Pakistani troops fight Taliban in Swat's main town
Street fighting erupted in the main town of Pakistan's Swat valley on Saturday as security forces mounted a new phase of their offensive against Taliban militants, the military said, Reuters reported.
The battle for control of Mingora is crucial to the success of the offensive launched this month to regain control of the Swat valley and stem a spreading Taliban insurgency.
"Street fighting has begun in Mingora," military spokesman Major General Athar Abbas told a news conference.
He said government forces had cleared parts of the town but fierce clashes were underway in the center of Mingora, and 17 militants had been killed on Saturday.
The operation would be slow as security forces wanted to avoid civilian casualties, he said, although most residents had moved out and only five to 10 percent were still in the town. He feared militants could use civilians as "human shields."
"The pace of the operation will be painfully slow. So be patient but the operation has started and inshallah (God willing) we are going to take it to a logical conclusion."
About 15,000 security forces are taking part in the Swat offensive, which followed intense U.S. pressure on Pakistan to tackle Taliban militants.
Pakistan says more than 1,000 militants and more than 50 soldiers have been killed in the fighting.

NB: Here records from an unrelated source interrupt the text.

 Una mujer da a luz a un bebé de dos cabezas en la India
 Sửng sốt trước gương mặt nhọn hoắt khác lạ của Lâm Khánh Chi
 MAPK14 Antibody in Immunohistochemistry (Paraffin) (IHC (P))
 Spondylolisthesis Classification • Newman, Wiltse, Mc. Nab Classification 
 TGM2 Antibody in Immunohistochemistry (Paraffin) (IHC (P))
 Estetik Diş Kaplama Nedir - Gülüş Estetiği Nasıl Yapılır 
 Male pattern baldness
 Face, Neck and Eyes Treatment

There has been no independent confirmation of those estimates.
Abbas said around 1,500 to 2,000 "hardcore" militants were believed to be involved in fighting in Swat as a large number of criminals who had joined the Taliban had fled the region.

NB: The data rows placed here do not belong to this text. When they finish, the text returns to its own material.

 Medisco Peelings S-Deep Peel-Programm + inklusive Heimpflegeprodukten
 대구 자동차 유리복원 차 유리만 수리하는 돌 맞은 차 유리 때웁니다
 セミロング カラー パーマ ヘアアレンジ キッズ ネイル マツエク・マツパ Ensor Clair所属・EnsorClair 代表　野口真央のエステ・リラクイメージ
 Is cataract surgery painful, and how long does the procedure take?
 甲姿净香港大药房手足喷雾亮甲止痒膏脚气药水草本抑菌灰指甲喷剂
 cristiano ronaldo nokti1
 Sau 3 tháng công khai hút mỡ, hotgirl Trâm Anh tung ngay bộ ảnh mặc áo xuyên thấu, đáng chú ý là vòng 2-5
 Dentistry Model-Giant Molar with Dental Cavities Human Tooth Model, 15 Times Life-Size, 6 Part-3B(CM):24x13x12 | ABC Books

While Pakistan's government and military have vowed to quell the insurgency in Swat, the country could face greater turmoil in the months ahead.
Admiral Mike Mullen, chairman of the Joint Chiefs of Staff, has said a U.S. military offensive in southern Afghanistan could push Taliban fighters into Pakistan.
The United States is pouring thousands of extra troops into Afghanistan this year to try to reverse gains by the Taliban.
Pakistani military officials say forces have secured several parts of Swat, including two Taliban strongholds, as well as much of the neighboring strategic valley of Buner, around 100 km (60 miles) from the capital Islamabad.
Officials say tribesmen in other districts of the region were raising militias, known as "lashkars," to prevent militants from expanding their influence into their areas.